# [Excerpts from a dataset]
------------
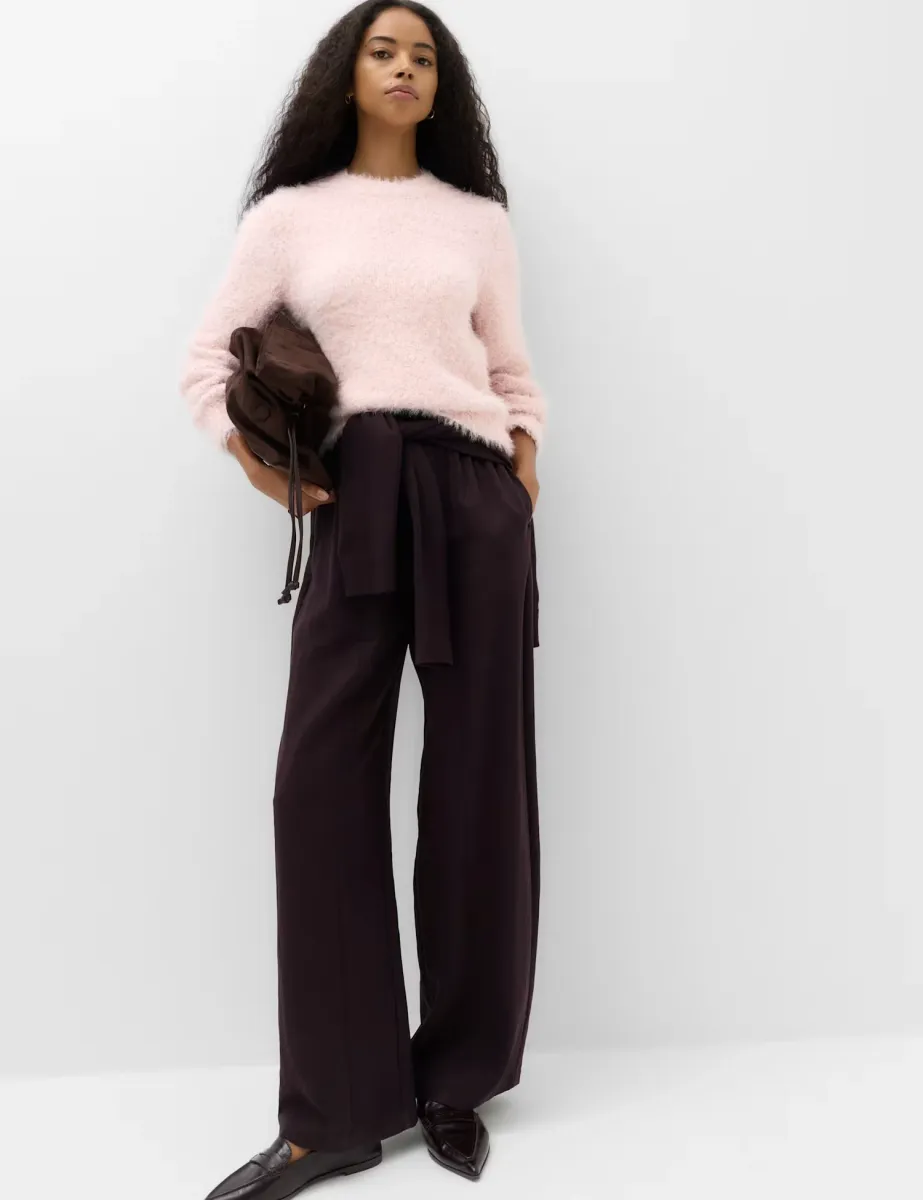 Textured Crew Neck Jumper Pale Pink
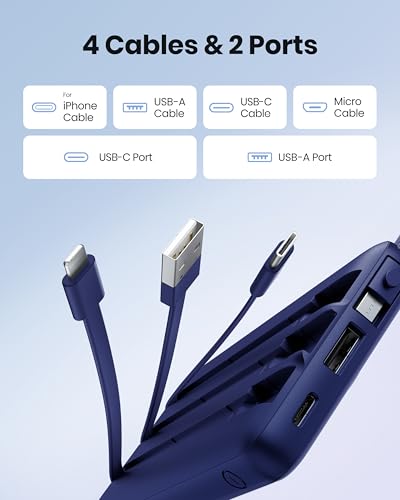 Portable Power Bank, Compact 10000mAh Portable Charger with 4 Cables, USB C Battery Pack 5 Outputs 2 Inputs LED Display Compatible with iPhone/Android & More (Navy Blue) - color: Navy Blue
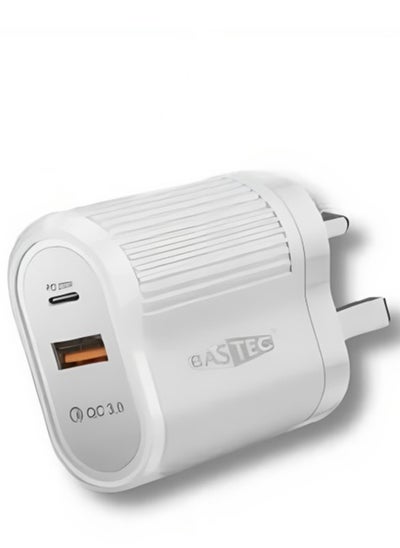 Buy Wall Charger with PD and USB Fast Charging Ports, 20W Power Model BC204 by BASTEC" in UAE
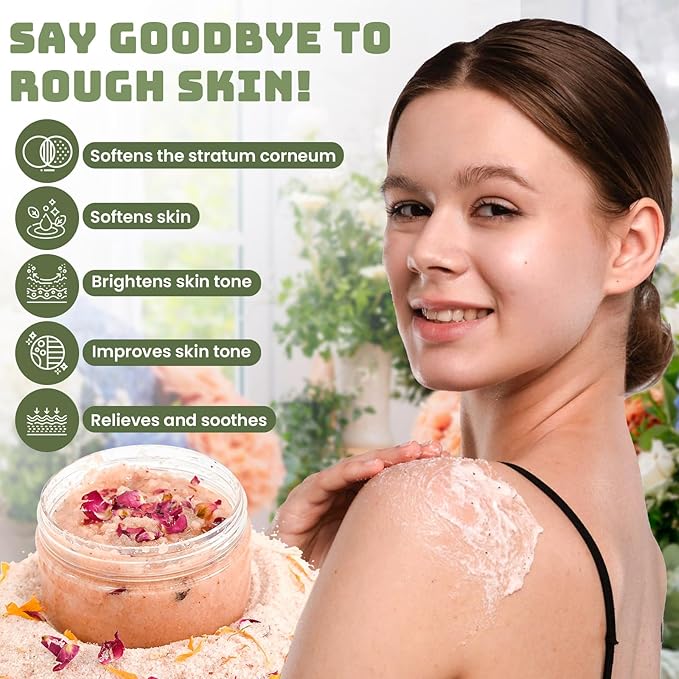 JUYRLE Body Scrub Making Kit- DIY Pink Salt Body Scrub Kit with Almond Oil, Essential Oils, Moisturizing and Exfoliating Dry Skin Hand Foot DIY Organic SPA Kit Christmas Gifts For Women & Men
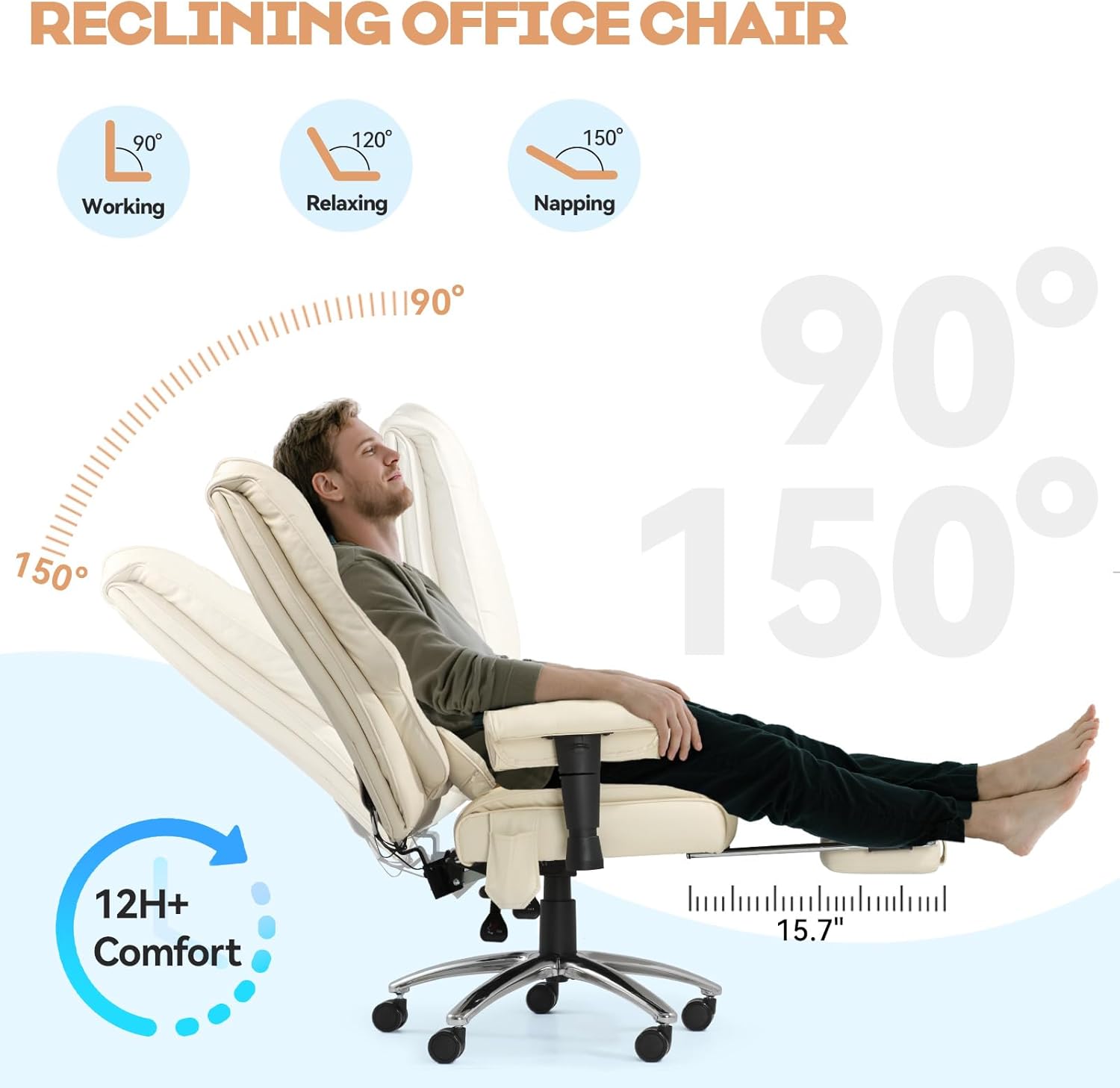 Massage Office Chair with Foot Rest, Ergonomic Executive Heated Office Chair with Reclining Backrest, Adjustable Arms and Lumbar Support, High Back Leather Desk Chairs for Home Office, Beige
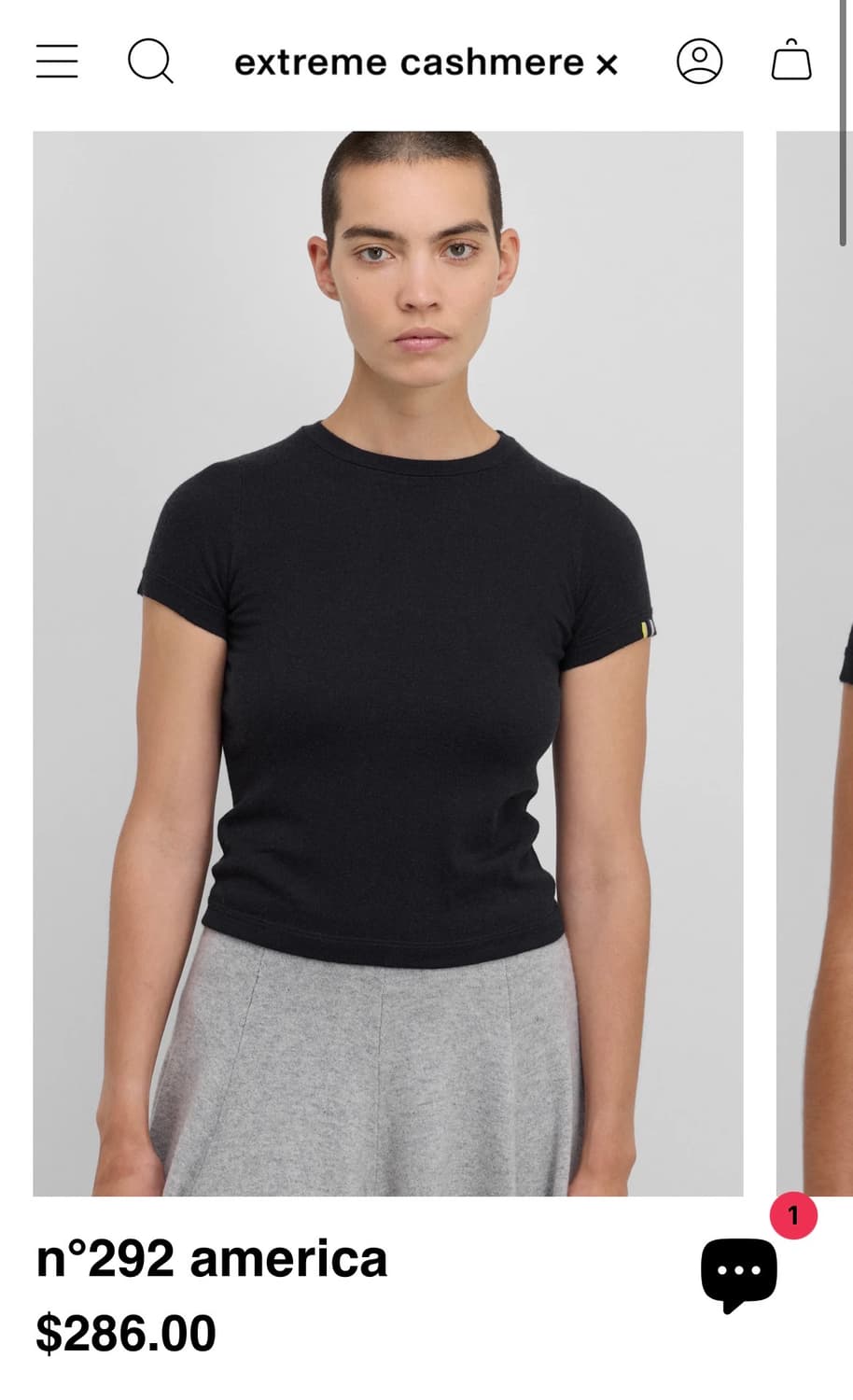 [F]익스트림캐시미어 25fw 아메리카 티셔츠/네이비 상품이미지2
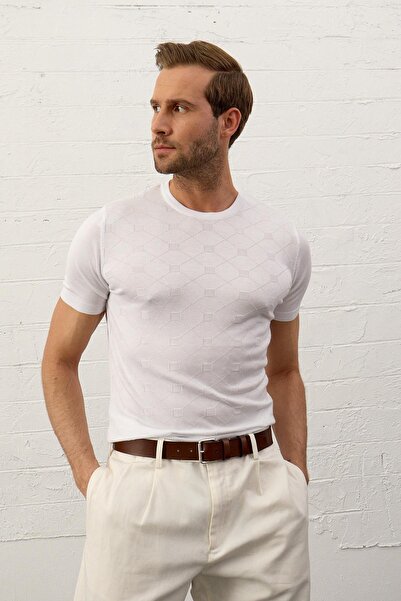 Danger Ανδρικό τετράγωνο Με σχέδιο Slim-Fit καλοκαιρινό πλεκτό μπλουζάκι λευκό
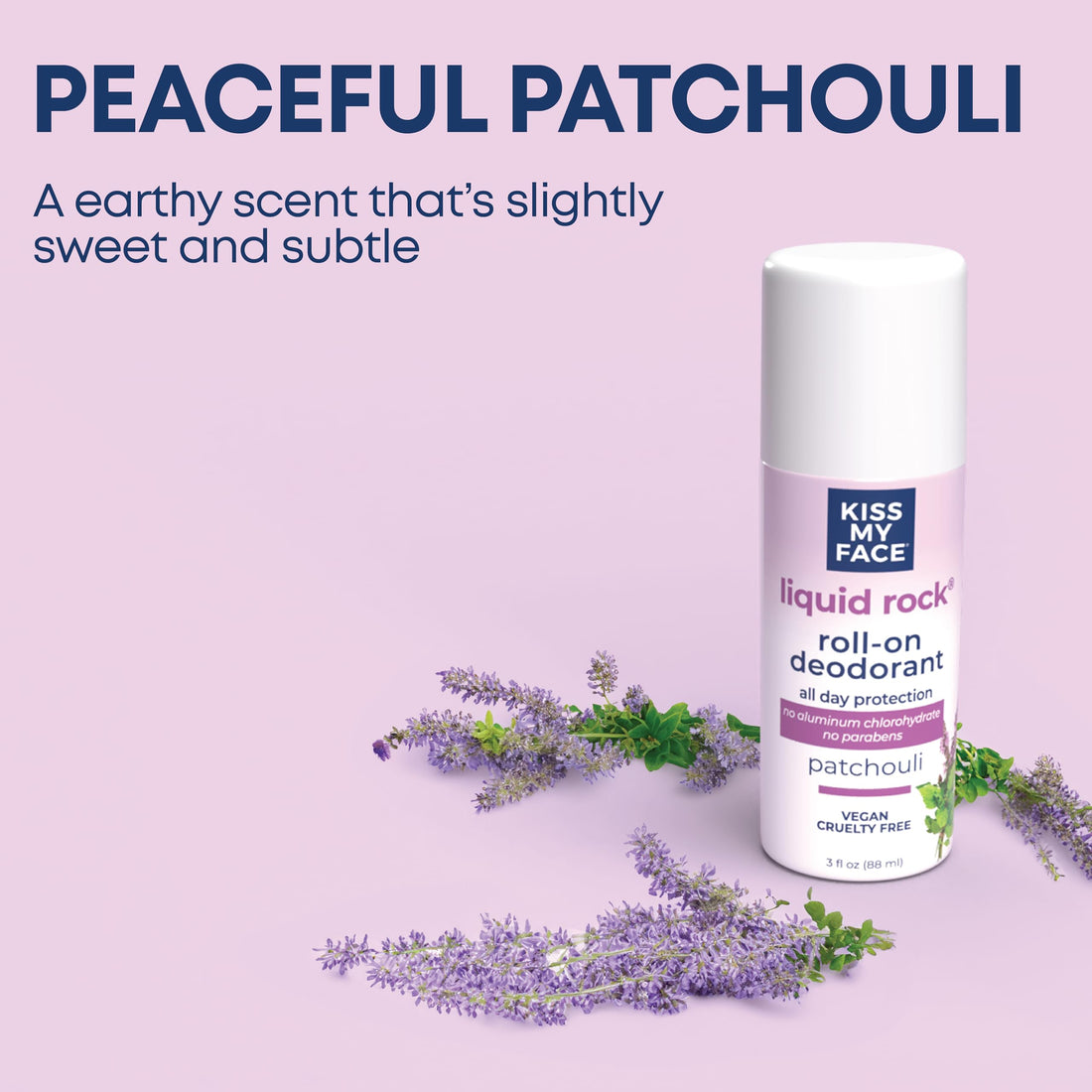 Kiss My Face Liquid Rock Deodorant 3 fl oz (88 ml) Peaceful Patchouli AD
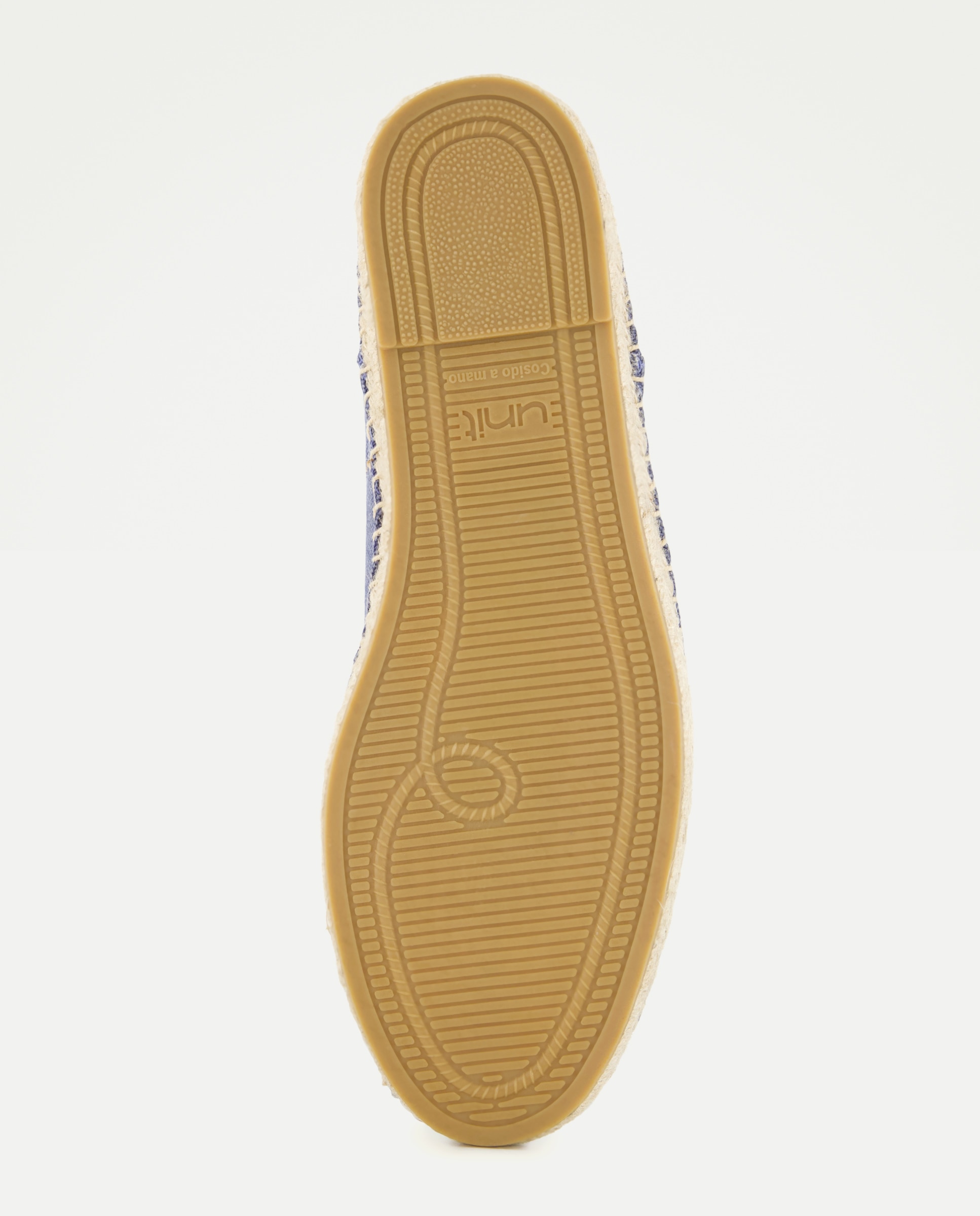 Zapato cordones lona lavada de hombre con piso de yute 400 Azul-6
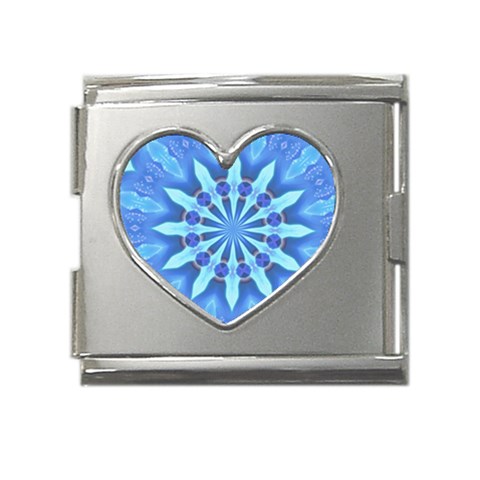 Blue Wheel Mega Link Heart Italian Charm (18mm) from ArtsNow.com Front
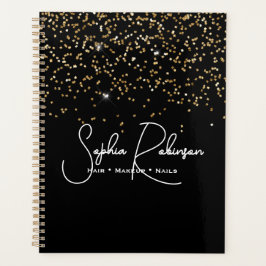 Agenda Elegant Black and Gold Glitter Salon Business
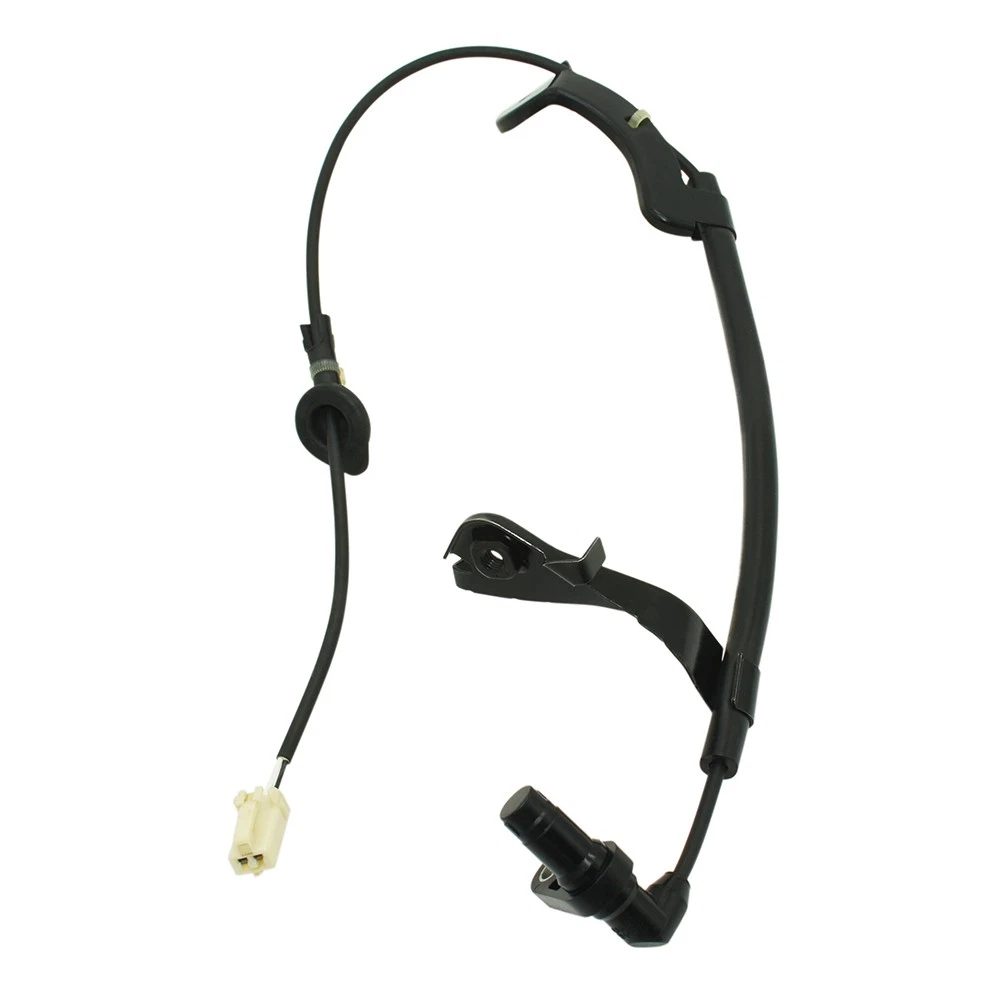 Reference image — rear-left ABS wheel speed sensor 89546-08020, oblique complete assembly showing sensor tip, brackets and connector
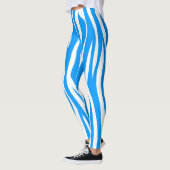 Licht blauwe Zebra afdrukken Leggings (Links)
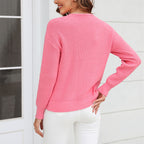 R&B | Schlichter Einfarbiger Strickpullover Mit Rundhals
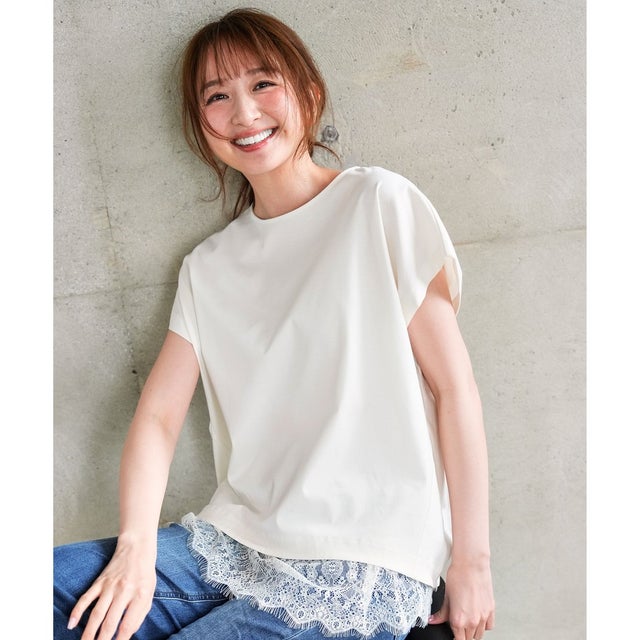 【シルクタッチさら魅せTシャツ】後ろコクーン プルオーバー （アイボリー）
------------
# [Exercise instructions]
Return an exact transcription of the entries above, excluding each image.

# [Answer to this task]
 Textured Crew Neck Jumper Pale Pink
 Portable Power Bank, Compact 10000mAh Portable Charger with 4 Cables, USB C Battery Pack 5 Outputs 2 Inputs LED Display Compatible with iPhone/Android & More (Navy Blue) - color: Navy Blue
 Buy Wall Charger with PD and USB Fast Charging Ports, 20W Power Model BC204 by BASTEC" in UAE
 JUYRLE Body Scrub Making Kit- DIY Pink Salt Body Scrub Kit with Almond Oil, Essential Oils, Moisturizing and Exfoliating Dry Skin Hand Foot DIY Organic SPA Kit Christmas Gifts For Women & Men
 Massage Office Chair with Foot Rest, Ergonomic Executive Heated Office Chair with Reclining Backrest, Adjustable Arms and Lumbar Support, High Back Leather Desk Chairs for Home Office, Beige
 [F]익스트림캐시미어 25fw 아메리카 티셔츠/네이비 상품이미지2
 Danger Ανδρικό τετράγωνο Με σχέδιο Slim-Fit καλοκαιρινό πλεκτό μπλουζάκι λευκό
 Kiss My Face Liquid Rock Deodorant 3 fl oz (88 ml) Peaceful Patchouli AD
 Zapato cordones lona lavada de hombre con piso de yute 400 Azul-6
 Blue Wheel Mega Link Heart Italian Charm (18mm) from ArtsNow.com Front
 Agenda Elegant Black and Gold Glitter Salon Business
 Reference image — rear-left ABS wheel speed sensor 89546-08020, oblique complete assembly showing sensor tip, brackets and connector
 Licht blauwe Zebra afdrukken Leggings (Links)
 R&B | Schlichter Einfarbiger Strickpullover Mit Rundhals
 【シルクタッチさら魅せTシャツ】後ろコクーン プルオーバー （アイボリー）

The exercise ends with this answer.